WASHINGTON – Senate Republican Leader Mitch “Root-‘n-Branch’’ McConnell is facing a dilemma.

McConnell, of Louisville, has, on numerous occasions, been justifiably criticized for placing the priorities of his Republican Party ahead of the nation’s welfare. It was, after all, ol’ Root-‘n-Branch who vowed rigid non-cooperation with anything President Barack Obama, a Democrat and the first African-American to hold the office, sought to accomplish and then bragged about it. He essentially blocked Obama’s efforts to advise the nation regarding Russia’s interference in the 2016 presidential election on behalf of Republican Donald J. Trump, now “President” Trump (please lord no), and he absolutely refused to even consider the nomination of U.S. Circuit Court of Appeals Judge Merrick Garland for a seat on the Supreme Court.
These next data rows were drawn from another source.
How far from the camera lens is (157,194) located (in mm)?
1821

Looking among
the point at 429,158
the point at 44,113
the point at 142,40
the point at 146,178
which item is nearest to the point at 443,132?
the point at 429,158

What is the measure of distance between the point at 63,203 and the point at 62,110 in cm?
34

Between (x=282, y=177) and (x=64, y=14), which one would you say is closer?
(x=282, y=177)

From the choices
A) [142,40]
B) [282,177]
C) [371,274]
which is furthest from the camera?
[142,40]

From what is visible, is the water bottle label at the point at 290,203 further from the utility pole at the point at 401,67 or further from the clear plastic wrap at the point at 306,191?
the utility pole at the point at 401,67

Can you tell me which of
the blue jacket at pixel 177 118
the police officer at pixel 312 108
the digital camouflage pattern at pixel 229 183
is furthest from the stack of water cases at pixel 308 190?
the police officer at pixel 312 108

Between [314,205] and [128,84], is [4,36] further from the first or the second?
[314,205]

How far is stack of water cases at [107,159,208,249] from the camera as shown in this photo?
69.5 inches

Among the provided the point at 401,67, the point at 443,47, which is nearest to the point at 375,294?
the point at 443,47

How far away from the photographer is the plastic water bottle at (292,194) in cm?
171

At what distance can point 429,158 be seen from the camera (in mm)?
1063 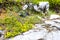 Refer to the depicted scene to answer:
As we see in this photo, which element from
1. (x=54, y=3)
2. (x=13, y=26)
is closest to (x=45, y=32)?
(x=13, y=26)

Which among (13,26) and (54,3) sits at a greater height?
(54,3)

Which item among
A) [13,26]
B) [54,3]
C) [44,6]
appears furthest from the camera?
[54,3]

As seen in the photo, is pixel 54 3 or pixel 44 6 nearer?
pixel 44 6

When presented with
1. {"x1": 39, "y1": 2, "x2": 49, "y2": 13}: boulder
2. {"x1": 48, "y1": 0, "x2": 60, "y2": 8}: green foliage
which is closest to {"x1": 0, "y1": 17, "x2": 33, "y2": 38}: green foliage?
{"x1": 39, "y1": 2, "x2": 49, "y2": 13}: boulder

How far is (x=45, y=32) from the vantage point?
610 centimetres

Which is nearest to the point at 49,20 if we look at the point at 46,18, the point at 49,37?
the point at 46,18

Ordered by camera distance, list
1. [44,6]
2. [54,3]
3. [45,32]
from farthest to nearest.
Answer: [54,3], [44,6], [45,32]

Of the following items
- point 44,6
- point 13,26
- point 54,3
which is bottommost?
point 13,26

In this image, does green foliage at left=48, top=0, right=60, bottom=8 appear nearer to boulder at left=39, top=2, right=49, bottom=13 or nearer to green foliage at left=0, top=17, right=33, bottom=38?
boulder at left=39, top=2, right=49, bottom=13

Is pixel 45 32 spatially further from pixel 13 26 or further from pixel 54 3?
pixel 54 3

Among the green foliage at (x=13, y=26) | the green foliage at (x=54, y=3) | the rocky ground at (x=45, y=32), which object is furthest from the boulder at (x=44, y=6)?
the green foliage at (x=13, y=26)

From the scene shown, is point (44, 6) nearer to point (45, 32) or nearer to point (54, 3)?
point (54, 3)

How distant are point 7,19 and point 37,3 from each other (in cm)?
156

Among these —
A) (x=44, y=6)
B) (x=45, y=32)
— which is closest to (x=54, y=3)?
(x=44, y=6)
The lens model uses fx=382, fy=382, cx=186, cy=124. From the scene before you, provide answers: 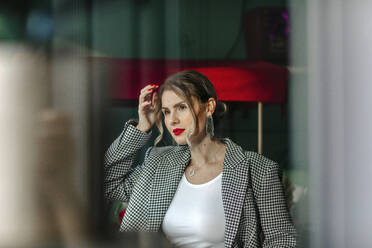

Those are just the lowlights chronicling McConnell’s well-documented deviousness. For all this he has somehow gained a reputation as something of a political Rasputin, a master of the Senate, rather than as someone constantly working to the detriment of the nation he is sworn to protect. So it goes.

Brett Kavanaugh

But now old Mitch has been handed the hottest of potatoes. And how he manages the situation will either add another passage to the growing indictment marking him as one of the worst majority leaders in history or one who suddenly and unexpectedly rose to the occasion, albeit kicking and screaming.

It was Churchill who said you can always count on the Americans to do the right thing – after they’ve tried everything else.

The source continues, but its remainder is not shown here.